The Unity (Monism) of the System

What is then the principle which should serve as the foundation of aesthetics as a science?
For idealist aesthetics, this is the Spirit. The aesthetic wealth of the world itself is viewed as the product of either the Absolute Spirit, i.e. God, or of individual consciousness, and the evolution of art, as a development stage passed by the Absolute Idea, or the result of the growing complexity of the artist's inner world. Materialism emphasises the objective existence of the world's aesthetic wealth and is aware of its material (natural or social) sources and causes.
From this point of view, art is imitation of nature (Aristotle), its mirror reflection (Leonardo da Vinci), the reproduction and interpretation of life and a judgement over it (Chernyshevsky), the reflection of social being in one of the forms of social consciousness (Marxism).
The history of aesthetics has known quite a few doctrines which attempted to embrace, using a single principle, world artistic process in its entirety. Each of these monist aesthetic doctrines depended on the interpretation of the relationship between art and life. Two of them – those of Aristotle and Hegel – were truly global.
Aristotle's system rested on the theory of imitation (mimesis). He distinguished between the object, material and way of imitation, and used the same principles to explain the aesthetic categories, the nature of art, and its kinds and genres. Aristotle's system is turned towards life whose relation to art is interpreted as imitation.
According to Hegel, the world proceeds from the Absolute Idea. Its self-movement creates a real, material world ("the other being" of the Absolute Idea) and determines the stages of its evolution. A major form of the evolution of the Absolute Idea which fills matter with the spirit is art.
When the Spirit first penetrates matter, matter (form) prevails over the idea (content). This stage corresponds to the first, symbolic, form of art (Ancient India, Ancient Egypt), which is best represented by architecture as the art where the material prevails over the spiritual. The same correlation of spirit and matter is inherent in the comic as an aesthetic category.
In its self-development, the Absolute Idea continues to fill matter with the Spirit ushering in the second stage – the classical art marked by harmony of the Spirit and matter, content and form. Harmony belongs, above all, to sculpture and painting, and to the chief aesthetic category – the beautiful. But the balance is soon upset by the continued evolution of the Spirit. The romantic period begins and content begins to prevail over form; this process is reflected in the category of the sublime, and in arts – music and literature.
In Hegel's grandiose and complete system, the evolution of art is part of the evolution of the world (the stage of the evolution of the Spirit in its connection with the material).
The evolution of art is begun by the evolution of the world, it flows into it and is consumed (negated) by it.
Finally, the idea (content) finds its way into the realm of pure spirituality and frees itself from matter (form). The advent of the epoch of philosophy begins, while the development of art is terminated.

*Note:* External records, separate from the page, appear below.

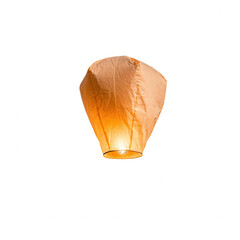 A beautiful, glowing orange lantern ascending into the night sky, symbolizing hope and celebration, isolated on a white background.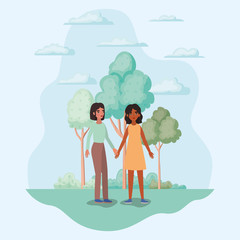 Wall Mural - Women holding hands trees shrubs and clouds vector design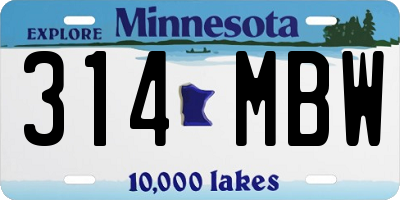 MN license plate 314MBW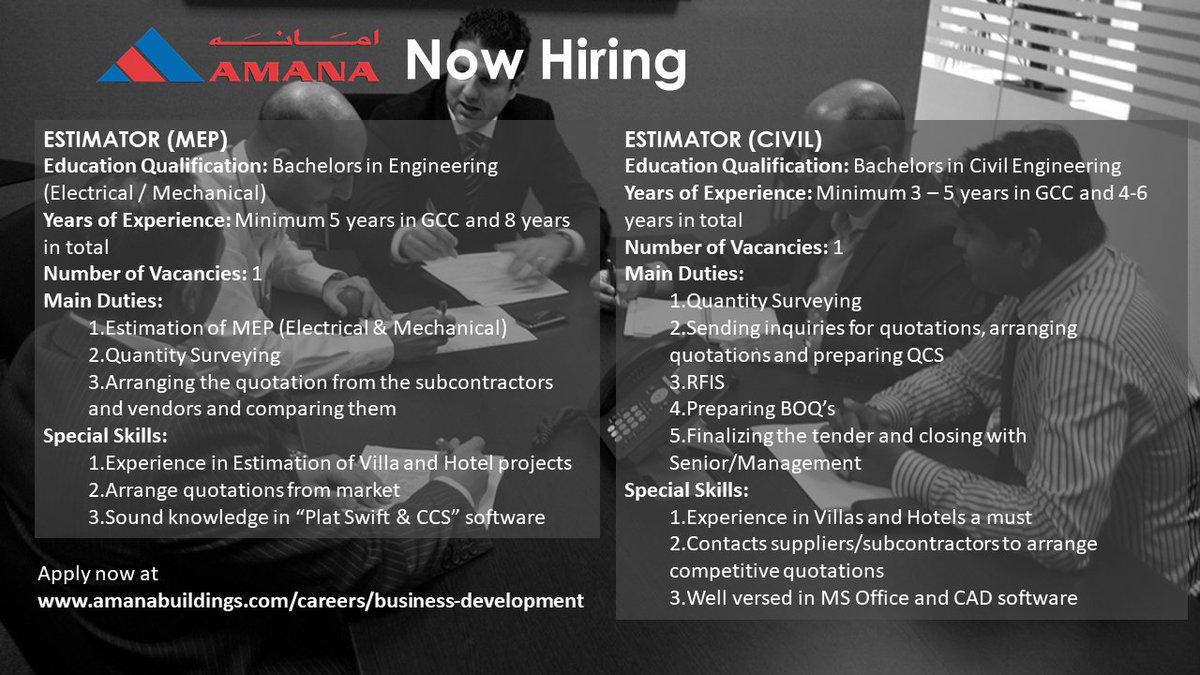 Amana is #hiring! We are looking for two experienced #Estimators, a civil and an MEP. If you are interested and meet the requirements of either position, then apply now at amanabuildings.com/careers/busine…
#AmanaContracting
#AmanaVacancies
#AmanaHiring
#Dubai
#DubaiInvestmentsPark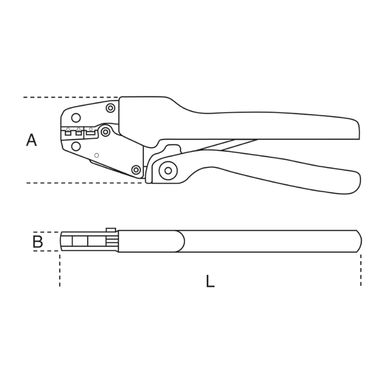 Szczypce do zaciskania nieizolowanych końcówek kablowych otwartych 0.5-6 mm², 1609A Beta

Russian aestheticians – Herzen, Belinsky, Chernyshevsky and Dobrolyubov – based their complete and original aesthetic system on the principle of artistic verity. They interpreted kinds and genres of art as artistic structures which gave a truthful, comprehensive and complete representation of life in all its diversity. They saw the various trends in the history of art as different historical stages of artistic cognition of the world and as types of artistic verity; realism was for them the most fruitful way of attaining it, and aesthetic categories were existing aesthetic qualities of life whose aesthetic wealth should be reflected by the truthful art.

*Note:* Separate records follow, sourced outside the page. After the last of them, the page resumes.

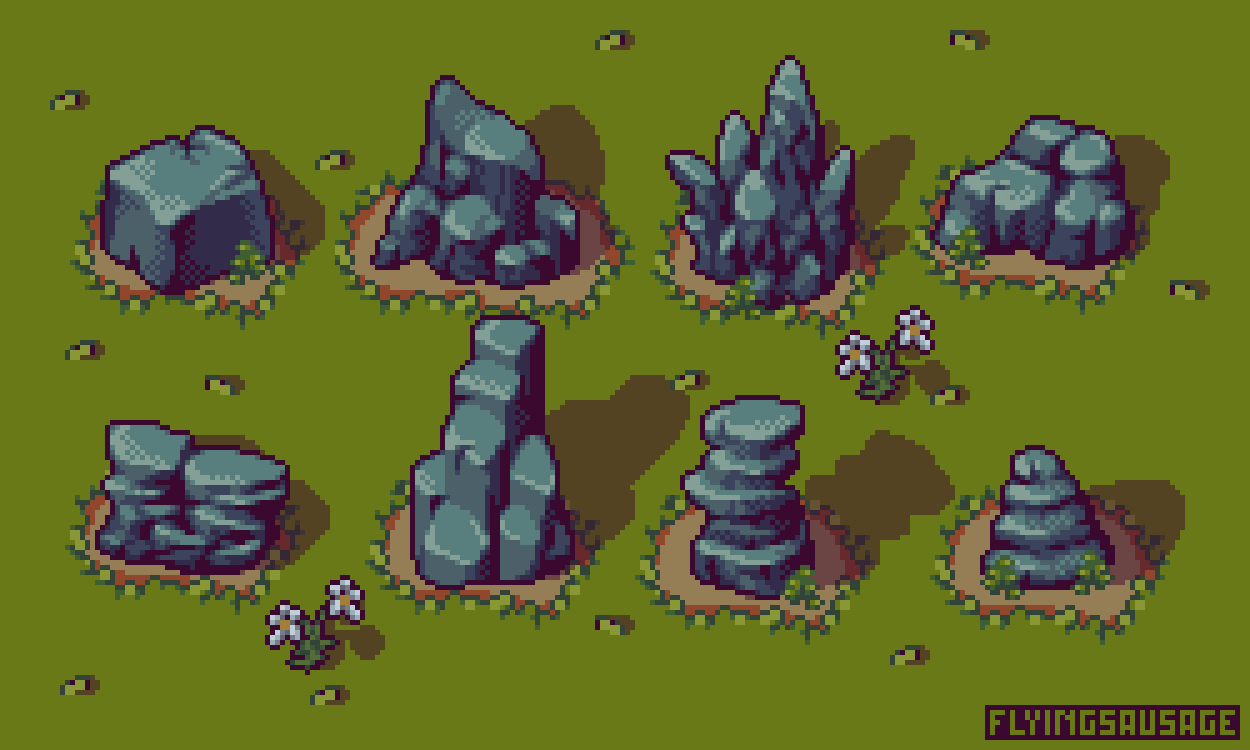 Flyingsausage — Topdown Style Pixel Rock Study-2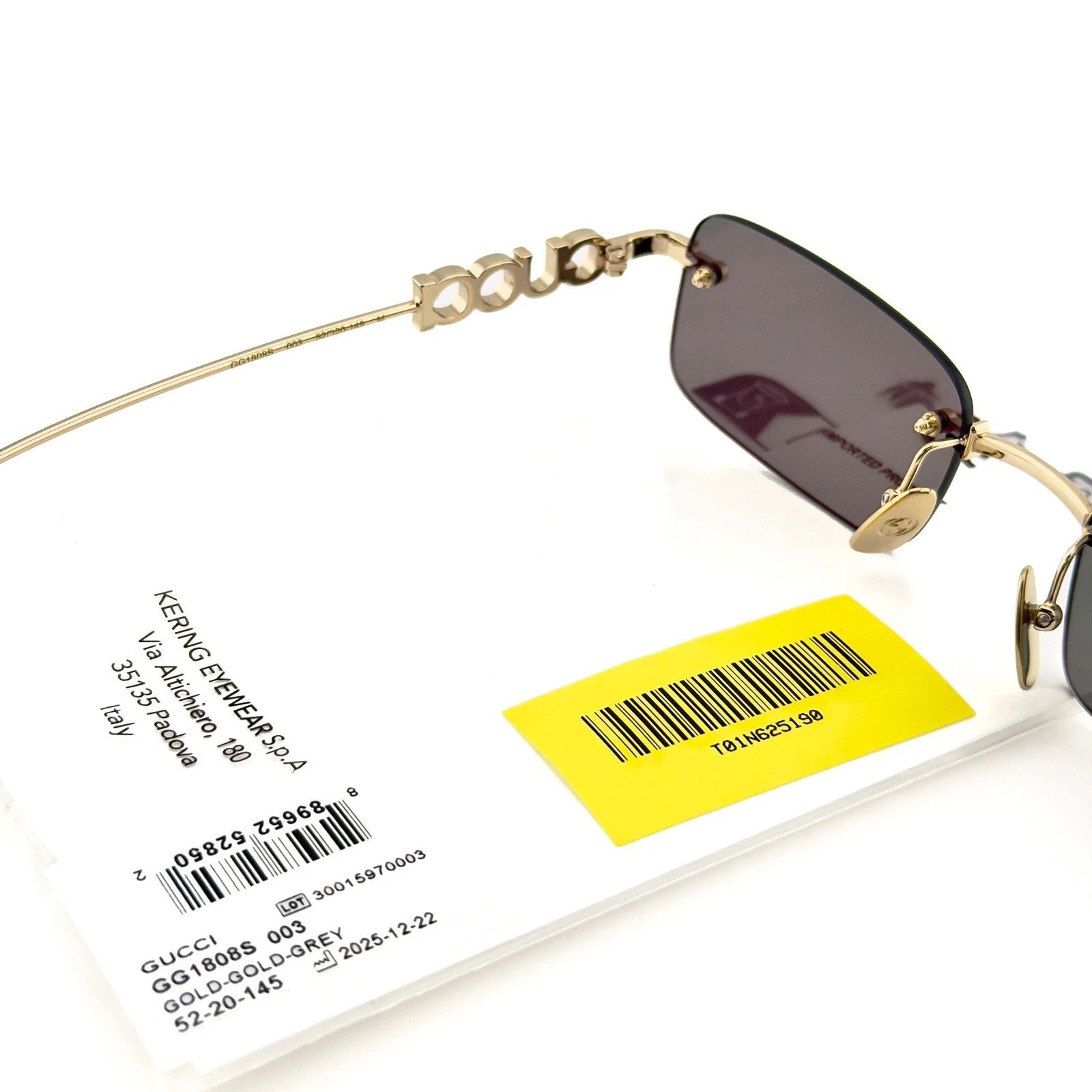 Gucci GUCCI 1808 Gold Silver Mirror Logo GG1808S Sunglasses 003 Size ONE SIZE - 6 Thumbnail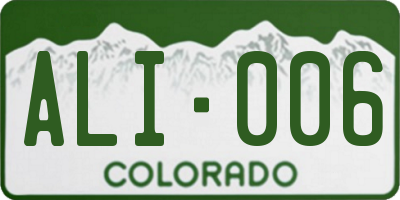 CO license plate ALI006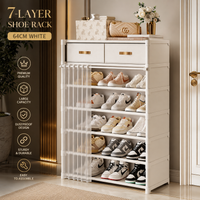 Premium Dustproof Shoe Rack Organizer - Multi-Layer Shoe Cabinet with Fabric Drawers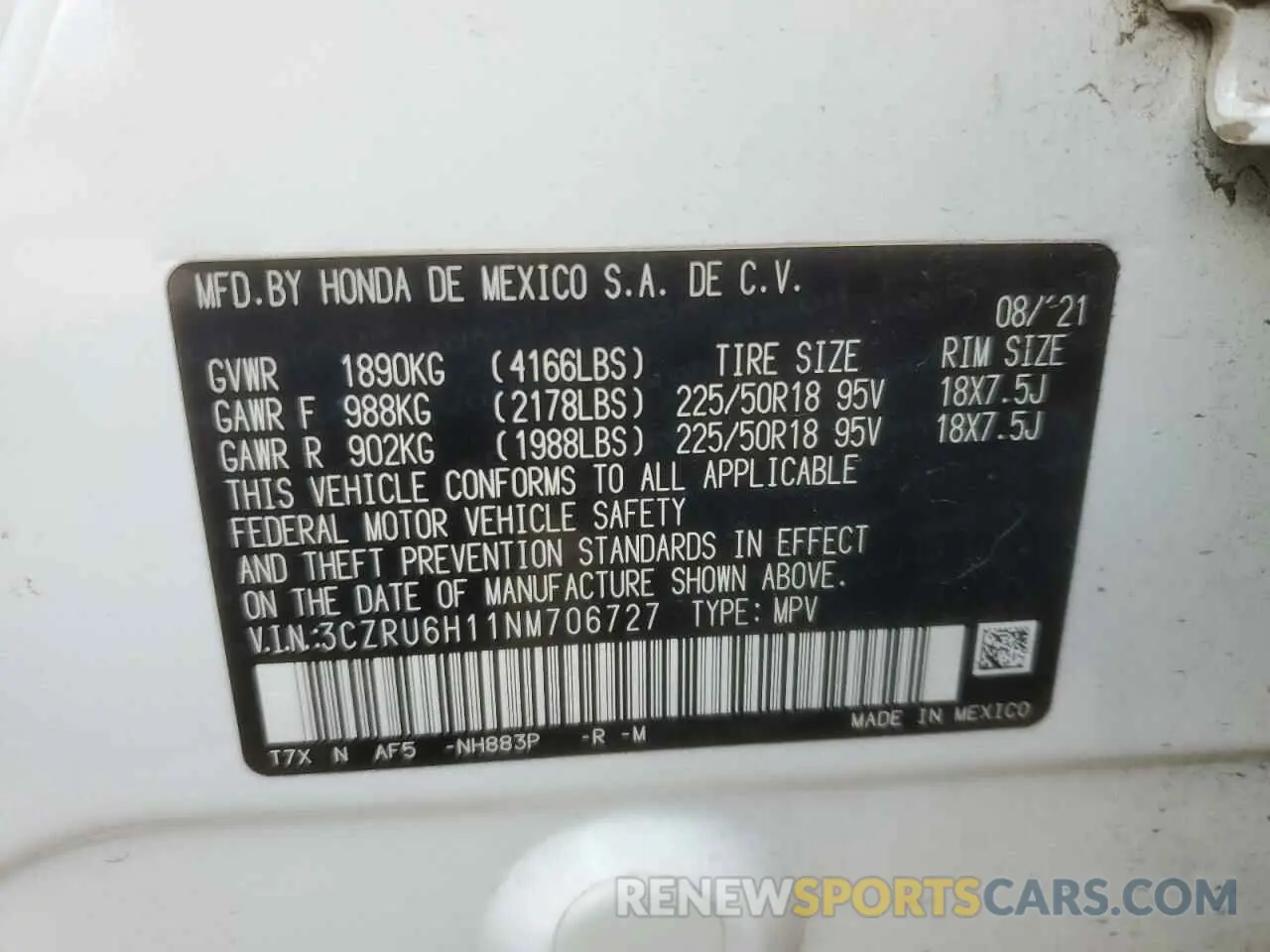 14 Фотография поврежденного автомобиля 3CZRU6H11NM706727 HONDA HR-V 2022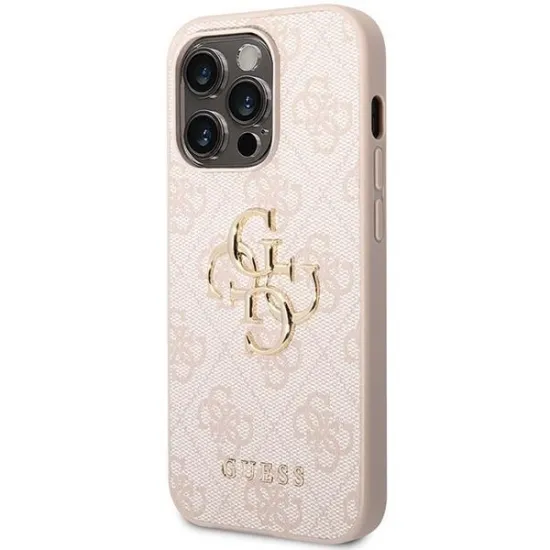 Guess 4G Big Metal Logo case for iPhone 15 Pro - pink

The cornerstone of the aesthetic doctrine propounded in the present book is life in its diversity considered from the point of view of its significance to man (the aesthetic). Interpretation of phenomena in the light of the sublime goals of historical development and their importance to man is a new foundation of an aesthetic system. A historically flexible harmonious system of laws and categories resting on this unified foundation is able to embrace the vital issues involved in aesthetic cognition of the world and in creative activity according to the laws of the beautiful.

Scientific Method

Cognition is impossible without its instrument, i.e. method. A truly scientific method is, according to Engels, an analogue of the object of cognition or, to be more precise, that part of the object which has been cognised. The cognised laws form the basis of the method but are not yet the method itself. A method is the rules formulated on the basis of these laws which serve to ensure a further advance of cognition. According to Hegel, "in searching cognition the method is also posited as an instrument, as a means imminent in and used by the subjective party to refer itself to the object."2 The laws of the object are reinterpreted in the method thus determining the actions of the subject.

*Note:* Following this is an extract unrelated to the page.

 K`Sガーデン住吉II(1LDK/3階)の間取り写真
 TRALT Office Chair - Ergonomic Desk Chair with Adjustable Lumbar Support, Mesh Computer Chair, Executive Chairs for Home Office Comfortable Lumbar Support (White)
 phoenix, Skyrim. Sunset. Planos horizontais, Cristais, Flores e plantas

The adequacy of a theory of reality depends on whether the requirements of the method are fulfilled. A genuine theory is always systematic. A theory or a system is not yet a method.
Not a single system of knowledge can be fully realised in the method since its contents are richer, but the method which emerged on the basis of a system oversteps its boundaries, transforming the old system of knowledge and producing a new one. As the more conservative element, the system seeks to preserve and perfect itself, while method is more mobile and seeks to accumulate knowledge and evolve a new system.
Using general methodology of philosophy as the universal basis, individual sciences work out their own methods of cognition. Aesthetics is no exception.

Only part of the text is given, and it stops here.